Rimanere con lui porta molti frutti 

Se noi pertanto domandiamo al Signore “Dove abiti?”, per rimanere continuamente con lui, allora: 

– la nostra vita certamente porterà molti frutti (cfr. Gv 15,5): per noi, per la nostra santità, la nostra salvezza, ma anche per la Chiesa, per la santificazione del mondo; non sarà una vita sprecata; 

– e se sei religiosa, la tua consacrazione diventerà un terreno fertile per il Regno dei cieli, saprai realizzare efficacemente la tua vocazione e diventare un segno luminoso per il mondo moderno secolarizzato; non sarà, la tua, un’esistenza poco significante. Se sul serio domandiamo al Signore “Dove abiti?”, per rimanere continuamente con lui, allora: 

1) saremo tutti anche più efficaci, più fruttuosi, nel nostro impegno per le vocazioni sacerdotali; aiuteremo con successo i chiamati a scoprire la voce del Signore e ad accoglierla con entusiasmo; 

2) e se uno è chiamato al sacerdozio, sarà più sensibile alla voce del Signore, più disponibile a seguirlo senza compromessi e con tutte le forze. 

 

Conclusione 

Oggi – come del resto sempre – la Chiesa e il mondo hanno bisogno di noi.

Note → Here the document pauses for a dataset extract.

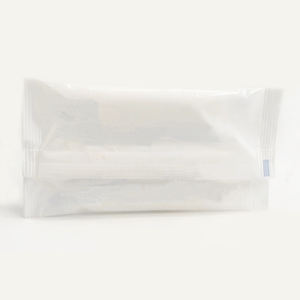 Lingettes humides biodégradables non tissées personnalisables avec logo, 14x18cm, emballage individuel, jetables dans les toilettes, pour bébés et adultes - Product Image 5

Cristo ha bisogno di noi, per allargare ed approfondire la sua presenza nei cuori degli uomini. Ma ha bisogno che noi veramente abitiamo con lui, che rimaniamo in lui e lui in noi. Gesù, che attraverso il presepio ci fai intravedere il tuo amore per noi e che nell’Eucaristia che stiamo celebrando sei rimasto con noi, nel più grande atto del tuo amore, dacci coraggio! Dacci coraggio di essere autenticamente tuoi! Questo, infatti, è essenziale e più importante, anche nella prospettiva della nostra promozione delle vocazioni sacerdotali.